SOLUTION – INTRODUCING DATABAHN SECURITY DATA FABRIC:
Databahn’s Smart Edge and Highway platform is specifically crafted to address the intricate challenges of handling “big data” within the realm of cybersecurity. By adopting a strategy of federating and decoupling data ingestion from platforms such as SIEM and Security Lakes, our platform not only streamlines processes but also significantly slashes costs associated with steep subscription and license fees.
Our innovative approach ensures that only relevant data is directed to downstream platforms, thus consolidating your tools and enhancing data quality and governance. This, in turn, expedites the analysis process within your SOC. Our Security Data Fabric framework integrates several pivotal components:
- Data Collection: Seamlessly aggregate data across cloud and on-premise sources with the highest levels of resiliency.
- Orchestration: Employ intelligent data pipelines to streamline and route only the most pertinent data to your security tools, thereby reducing costs and enhancing performance.
- Observability and Governance: Implement robust oversight mechanisms to provide clear visibility into the health of your telemetry.
- Security Controls and Preventive Insights: Offer proactive security controls and insights to comprehensively understand your overall security posture.

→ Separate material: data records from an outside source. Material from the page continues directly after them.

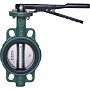 Затворы чугунные дисковые DN 40-300 PN 16 межфланцевые с диском из нержавеющей стали рычаг GALA Тип.2302H-L купить в Санкт-Петербурге | "Проконсим"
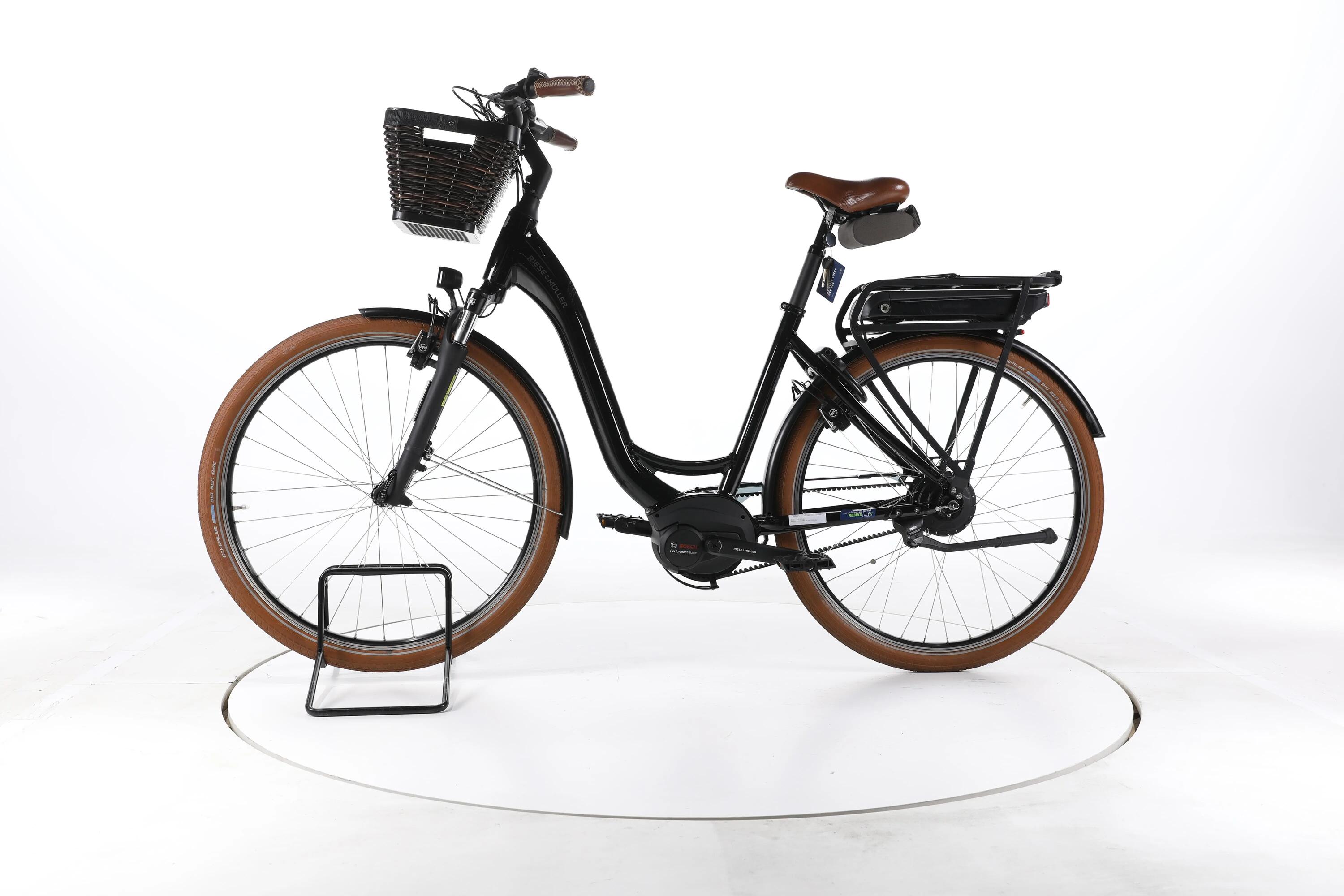 Segunda vida - Riese & Müller Swing vario City E-Bike  - Muy buen estado 6/7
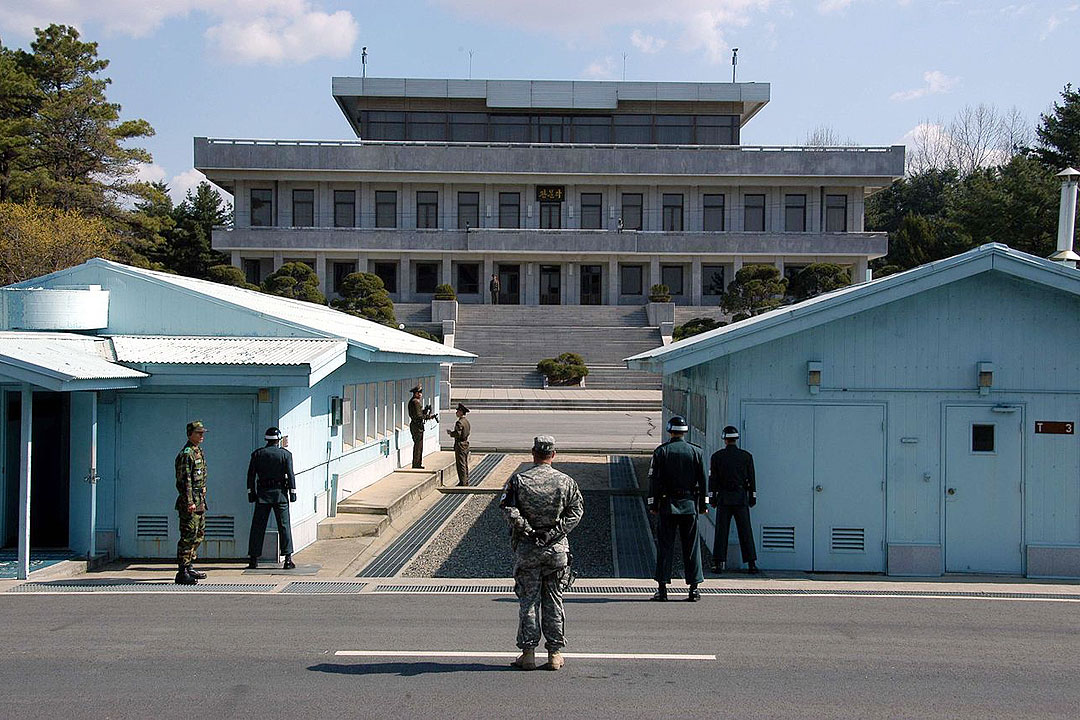 North and South Korea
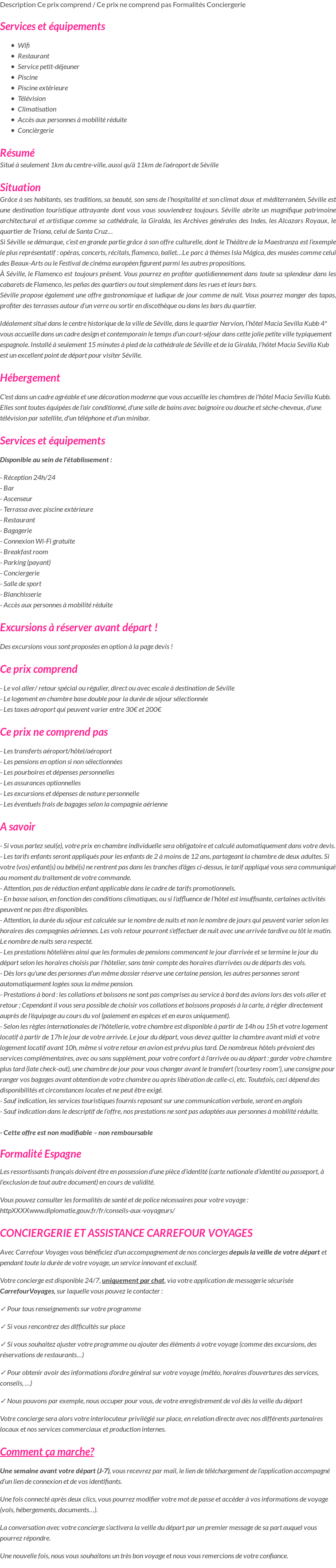 Présentation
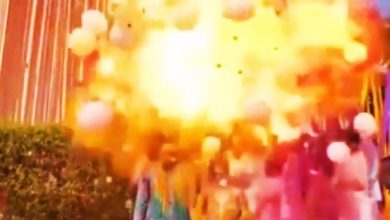 Photo of 【视频】婚礼气球爆炸 火球烧新人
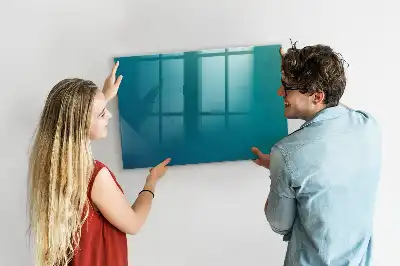 Magnettafel Meeresabstraktion beschreibbare Ausführung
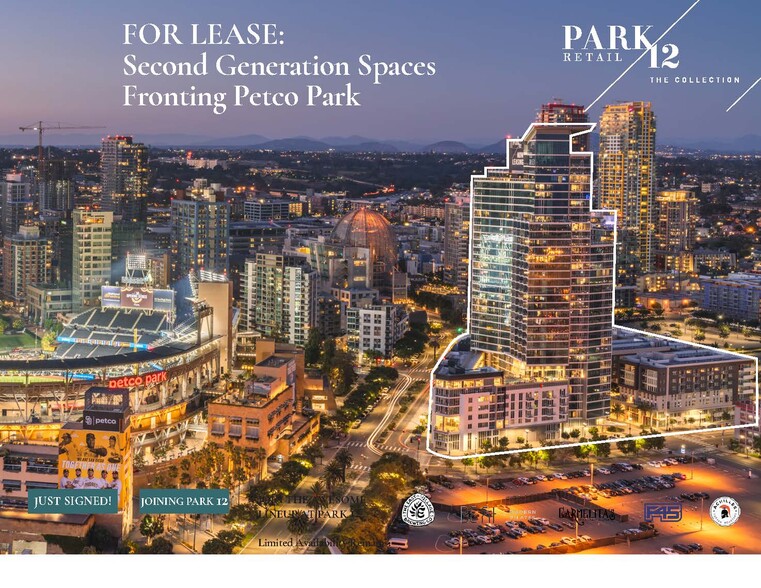 100 Park Plz, San Diego, CA for rent - Building Photo - Image 1 of 5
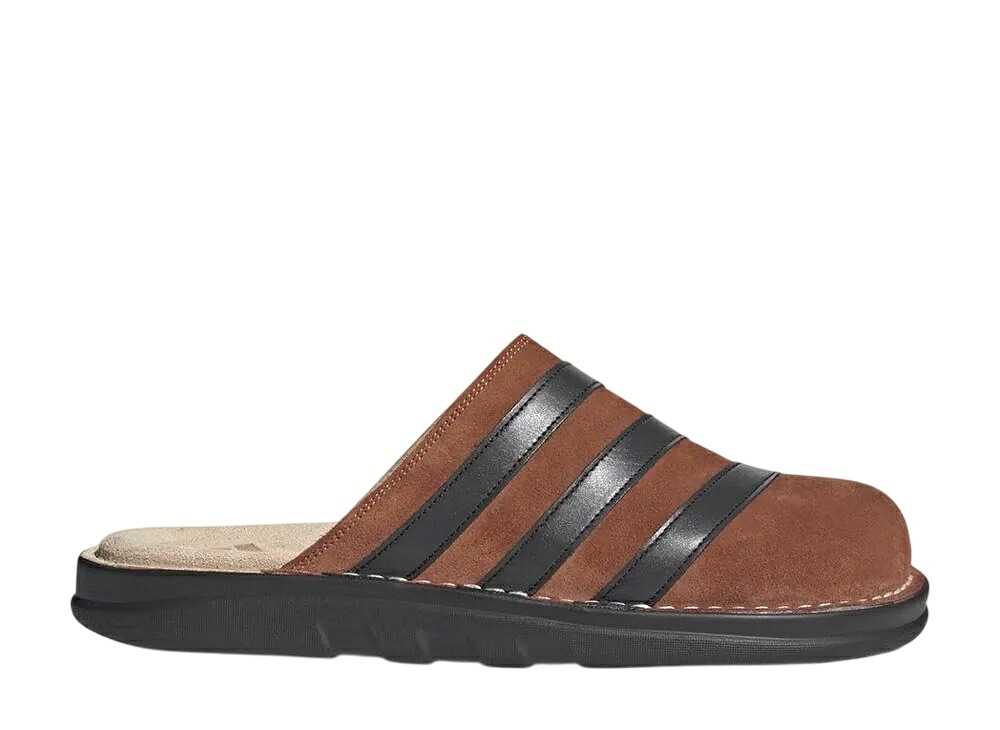 ＼百貨店大売り出し／1000円クーポン券振り出し中！adidas アディダスオリジナルス アディクロッグ 横すべり プリラブドブラウン アディダス JI1499 メンズ スニーカー 駈けっくらシューズ 21SN-JI1499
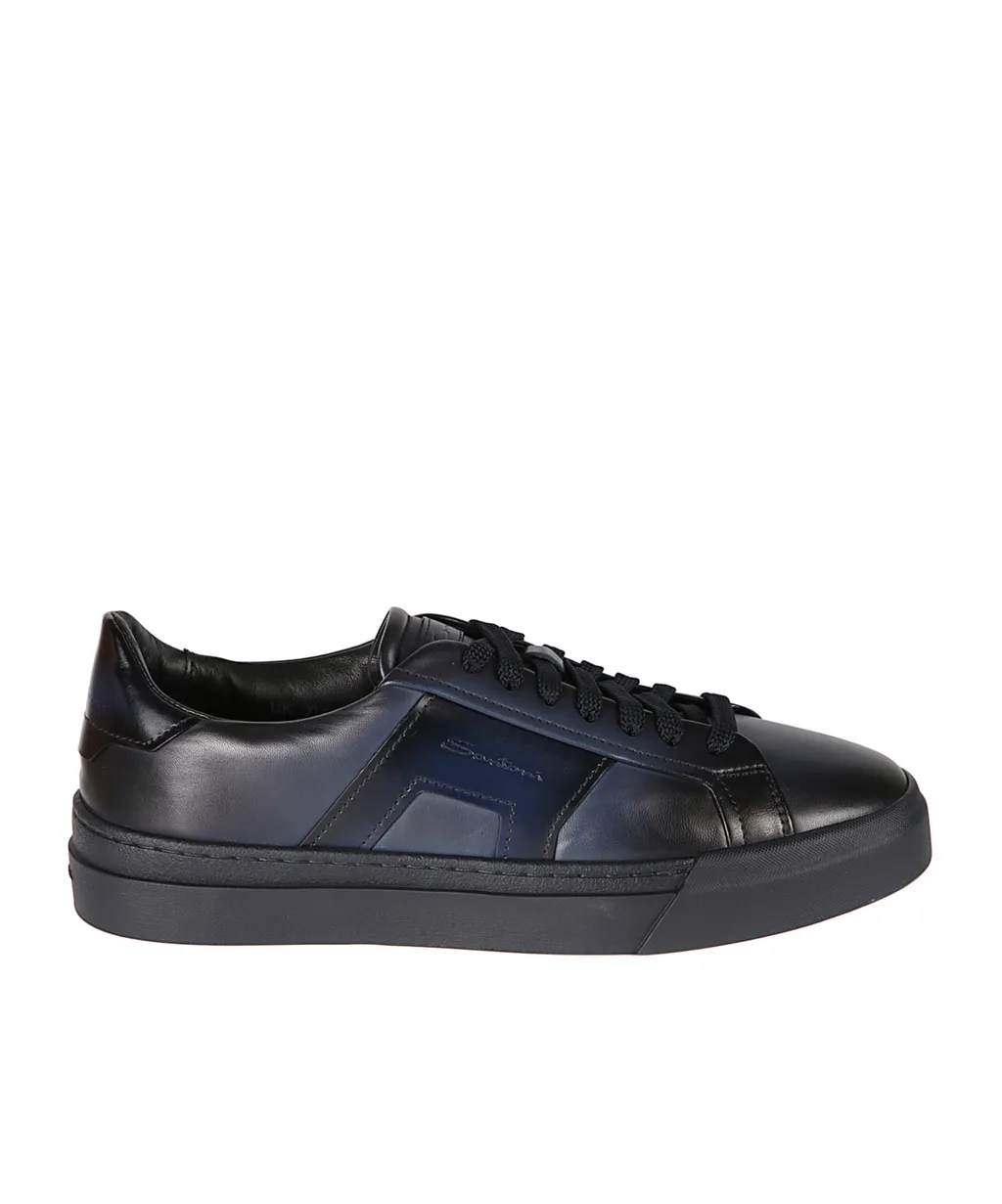 Logo Embossed Sneakers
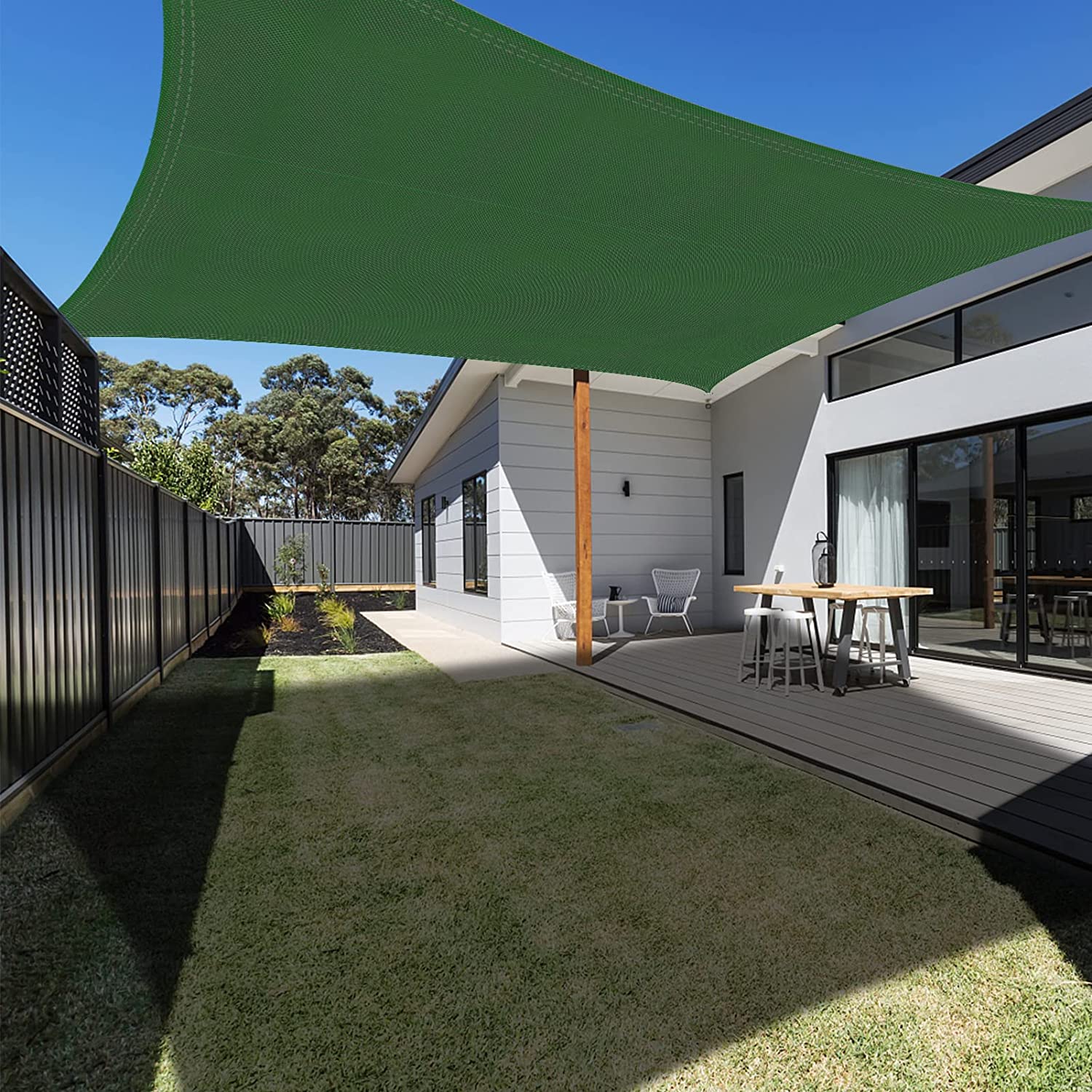 Vela ombreggiante quadrata 300x300cm Ravello Garden Deluxe Collection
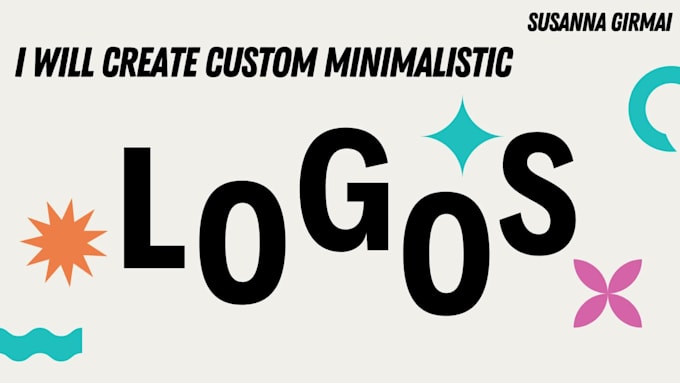 create  modern minimalist business logo design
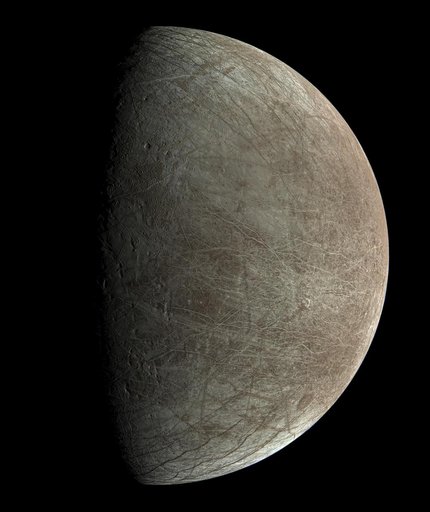 JunoCam Image of Europa From Flyby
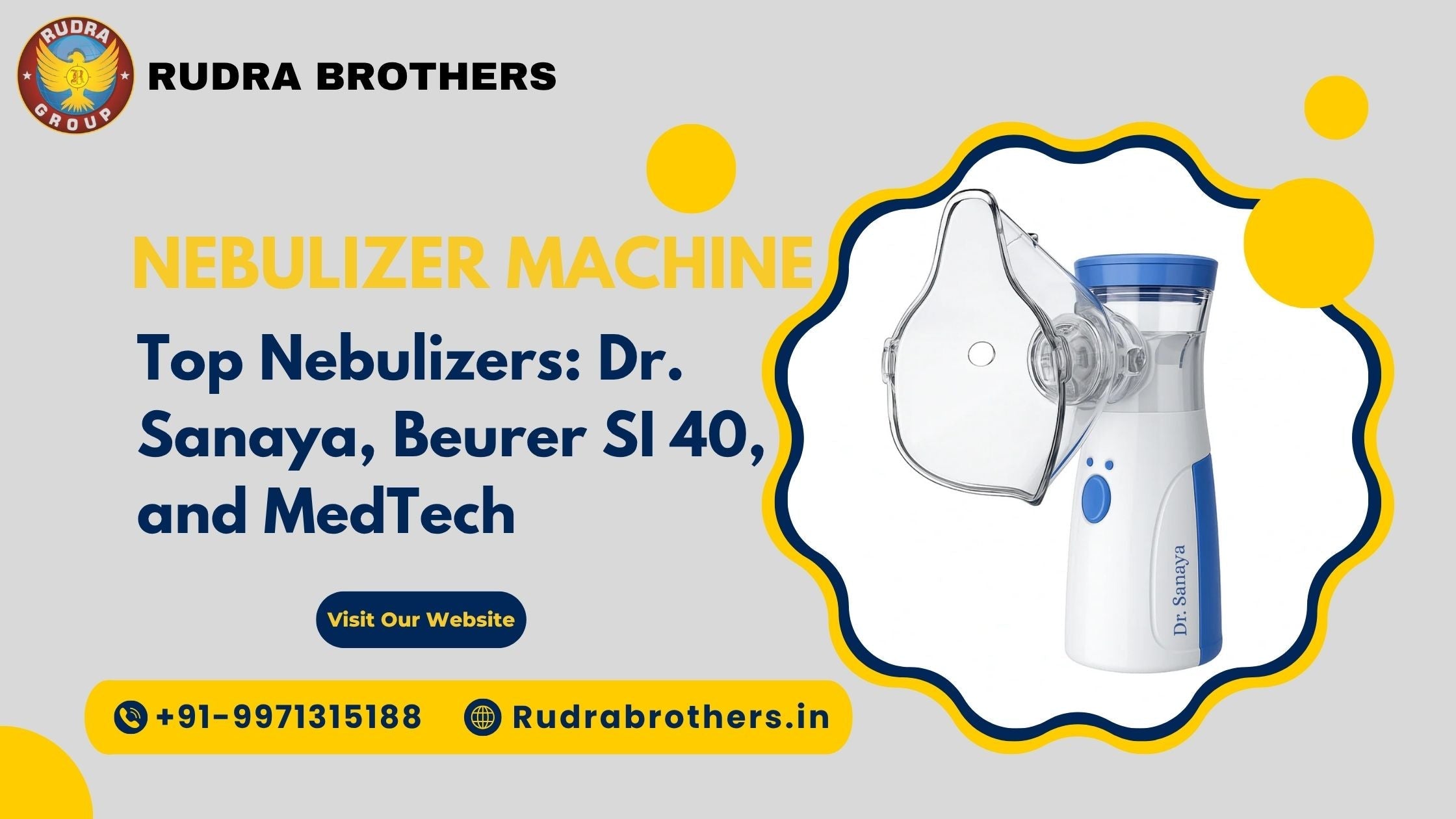 Dr. Sanaya Safe Neb Nebulizer Price, Beurer SI 40 Steam Vaporizer, Medtech Handyneb Plus Compressor Nebulizer Machine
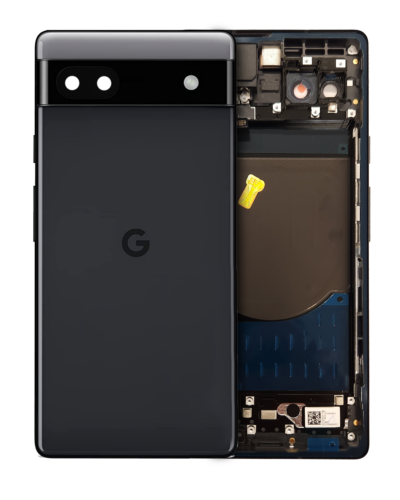 Back Housing for Google Pixel 6a (Genuine OEM) (Charcoal) – Image 2
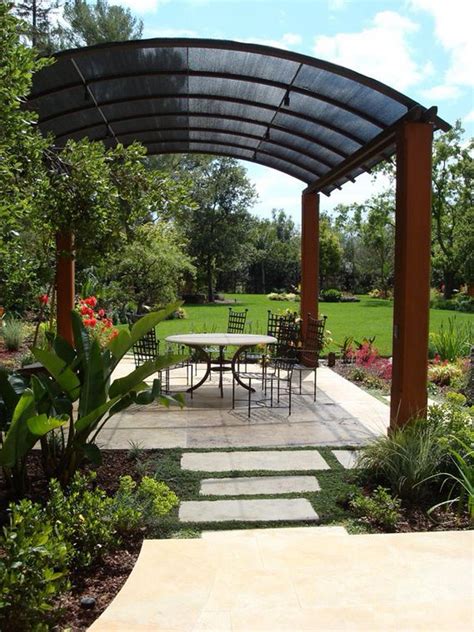 Enhance Your Patio Look With These Stunning Pergolas Diy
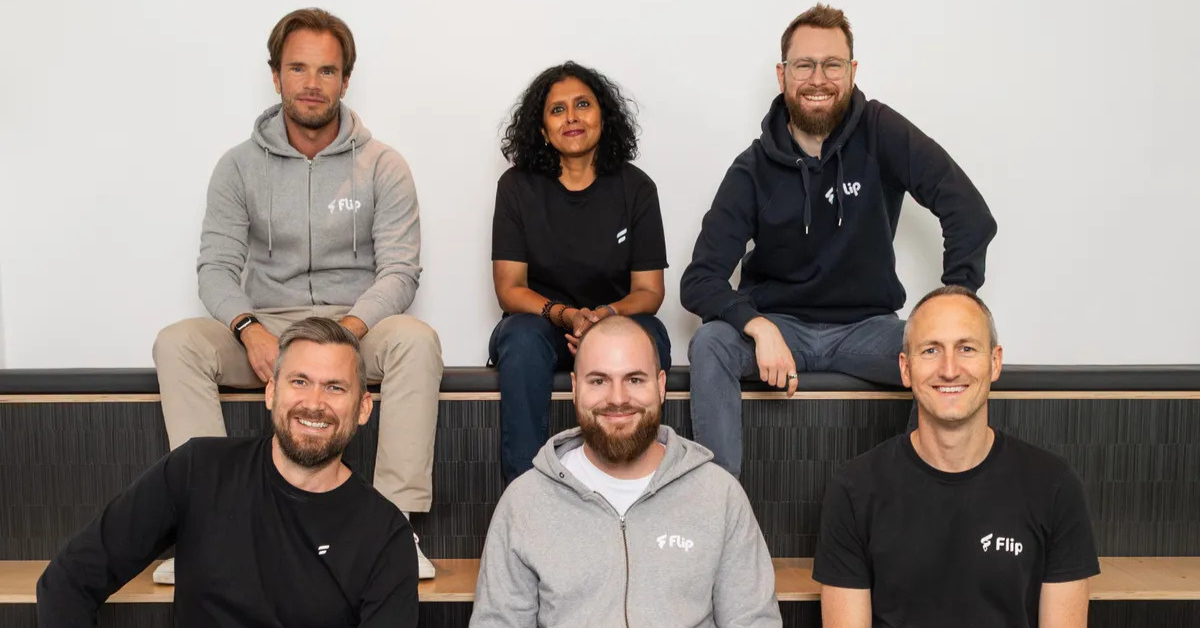 Das Flip-Team rund um Gründer Benedikt Brand und Giacomo Kenner gehört zu den führenden Anbietern für  Mitarbeitersoftware im operativen Bereich. Foto: Flip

- BYO-AI (Bring Your Own AI): Provide flexibility to integrate your own AI models without compromising sensitive information.
- BYO-SDL (Bring Your Own Security Data Lake): Empower customers to build their own Security Data Lake equipped with comprehensive insights into their data posture.
Our customers have experienced remarkable benefits, including:
- A 40% reduction in SIEM costs within the first month of deployment.
- Replacement of legacy log collectors and forwarders with our highly resilient edge collectors.
- Establishment of their own data lakes to assert ownership and control over their data.
- Consolidation and reduction of tool sprawl, optimizing infrastructure spending.
- Gain of visibility and insights into the overall security logging posture.
This comprehensive solution is tailored to revolutionize your cybersecurity operations while delivering tangible cost savings and operational efficiencies.